DALLAS -- A proposal to overhaul the transportation code for the City of Dallas would gut the near-monopoly status of the Yellow Cab Company in North Texas. Yellow’s market dominance, estimated by its competitors at 70 percent, developed through more than a decade of weak oversight by the City of Dallas.
This proposal, obtained by News 8, will be released on Friday. Developed by a transportation work group chaired by Dallas council member Sandy Greyson, it would entirely scrap existing taxi regulations -- many of them favoring Yellow -- and create new rules.
Seven months of investigative reports from News 8 revealed that Yellow openly violated safety regulations without punishment from the city. In particular, News 8 has reported Yellow jeopardized passenger safety by operating without the city-required level of liability insurance, a serious violation that city regulators were aware of for years.
Greyson’s draft proposal was developed through a series of seven meetings with stakeholders in the transportation industry, including Yellow.
The proposal would erode Yellow’s dominance by:
- Breaking the cap on the total number of cabs allowed to operate in Dallas. Currently, Yellow’s profits are protected by city limits that prevent new cab companies from opening and expanding.
- Allowing permitted drivers to move freely between companies. Drivers have complained that current rules make it difficult to leave Yellow and drive elsewhere.
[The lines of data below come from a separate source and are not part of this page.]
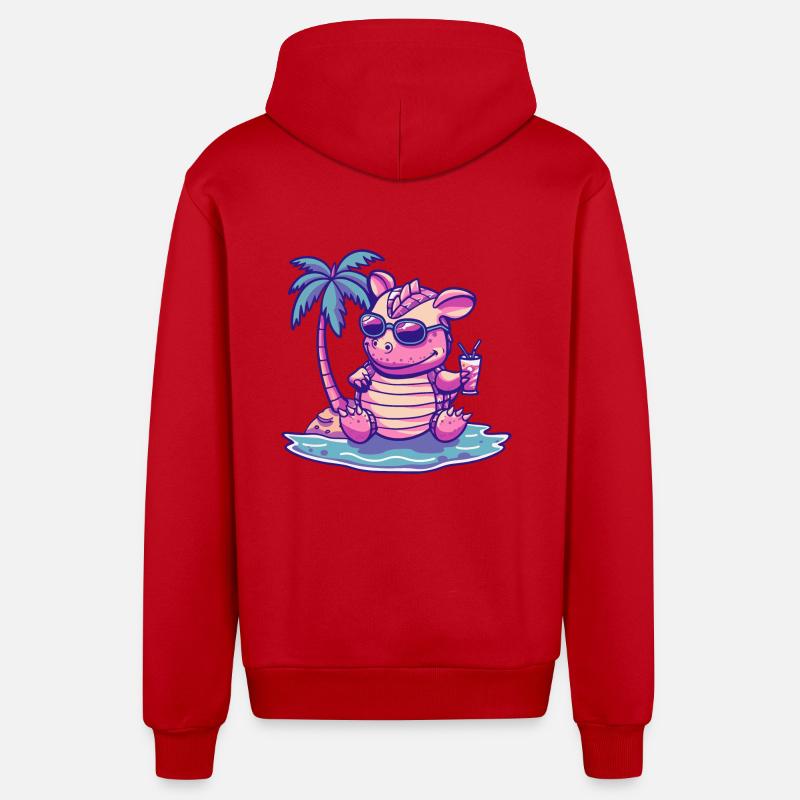 Armadillo Summer Beach Comic - Organic Relaxed Hooded Jacket Made in EU - red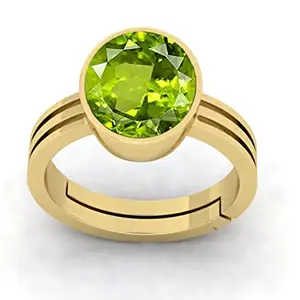 BALATANK�8.25 Ratti / 7.50 Carrat AA++ Quality Certified Unheated Untreatet Synthetic Peridot Gold Plated Peridot Ring For Men And Women's {GGTL Lab Certified}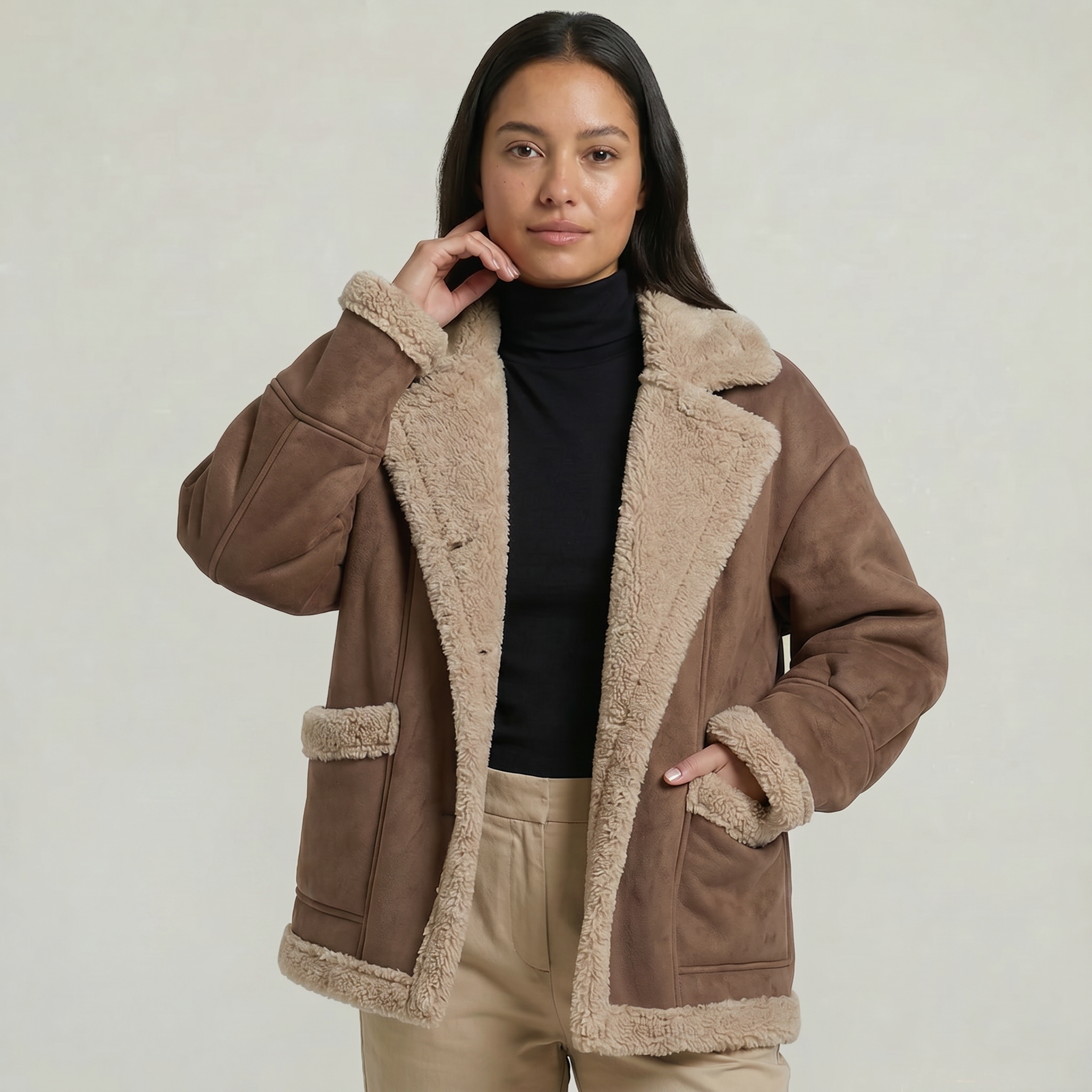 Women’s Fleece-Lined Faux Suede Jacket - Oversized Shearling Trim Fit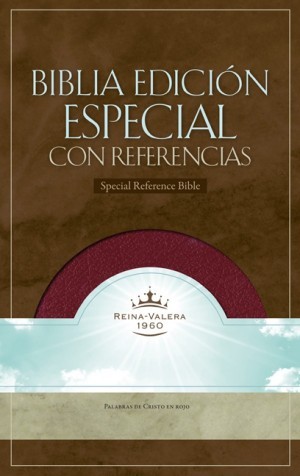 RVR 1960 Biblia con Referencias, borgoña piel fabricada con índice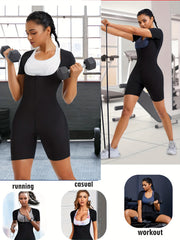 Women's Body Slimming Sauna Jumpsuit with Zipper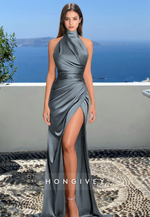 HONGIVEY High Neck Fitted Side Slit Evening Dress Elegant Classic Ruched Formal Party Gown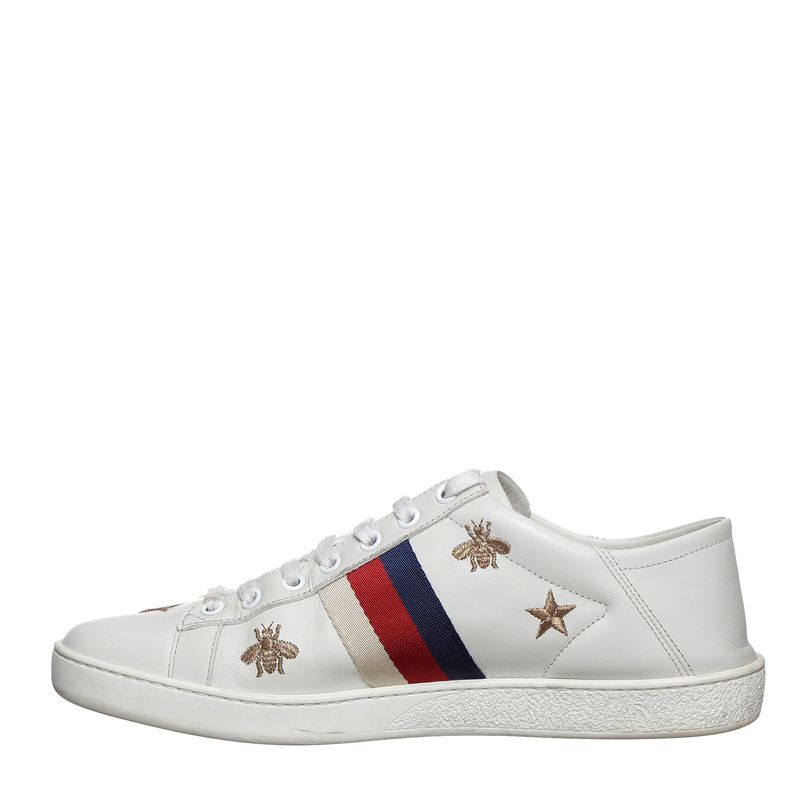 Tenis-Gucci-Ace-Bordado-Couro-Branco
- Eliminating age and mileage restrictions on a vehicle. Competitors say the existing rules restrict competition by favoring newer, more expensive vehicles driven by Yellow.
- Requiring a cab company to “report any accidents or insurance claims to the city.” News 8's stories have shown the legitimate claims of some injured passengers were denied by Yellow. The new rules would also increase insurance liability requirements from of $500,000 of coverage to $1 million.
- Ending a program that allowed Yellow’s Cab vehicles, powered by Compressed Natural Gas, to skip to the front of the line when picking up passengers at Love Field. This keeps non-Yellow drivers from competing for lucrative airport fares.
After News 8 revealed in November that Yellow drivers were operating without enough insurance, the City of Dallas ordered the taxi company to come into compliance within 30 days and Yellow complied. Since then, the City has taken no punitive action against Yellow.
A representative from Yellow Cab was not available to comment. The company has previously said it has always been transparent with the City and operated within the rules. Yellow says it immediately complied when the City asked it to change its insurance coverage.
Greyson’s draft proposal to create a new transportation-for-hire ordinance will be discussed Friday at an 11 a.m. meeting at City Hall.